Comme il est loisible de le constater, en 6 mois de manifestations ininterrompues, la détermination et la mobilisation sont toujours là. Ni les arrestations et intimidations, ni le Ramadan où les chaleurs caniculaires sur lesquels misait le pouvoir, ne sont venus à bout de ce souffle révolutionnaire.

En matière d’alternatives, quels sont les projets politiques qui se dessinent dans la société civile bougiote ?

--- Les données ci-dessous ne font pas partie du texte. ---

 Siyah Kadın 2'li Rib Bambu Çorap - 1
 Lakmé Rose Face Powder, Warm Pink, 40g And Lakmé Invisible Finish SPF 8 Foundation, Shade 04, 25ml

A instar de tout le pays, les propositions de sortie de crise à Béjaïa, recoupent pour l'essentiel, celles de tous les patriotes engagés dans cette œuvre commune de reconstruction d'une Algérie nouvelle. Une Algérie basée sur des fondements démocratiques et républicains, attaché aux valeurs universelles, où seront clairement définis, la nature du régime, la place de la religion, le statut de la femme, l'identité nationale, la justice sociale et la primauté du civil sur le militaire telle qu'énoncé dans la plate forme de la Soummam. De même qu'il s'agit d'envisager une refondation politico-administrative qui tienne compte des spécificités culturelles et géographiques de chaque région du pays, à l'instar de l'organisation politico-militaire qui avait permis l'indépendance du pays. En gros, sortir de l'État jacobin outrageusement centralisé et qui est à l'origine de l'impasse actuelle. Pour ce faire, nous préconisons une phase de transition, période à laquelle il sera procédé au démantèlement des instruments politico-mafieux de l'ancien régime et son remplacement par un nouveau dispositif institutionnel à travers un dispositif constituant, dont les mécanismes seront déterminés à l'occasion de la tenue d'une conférence de consensus nationale. Ce n'est qu'une fois ce socle mis en place, qu'il sera envisagé le retour au processus électoral.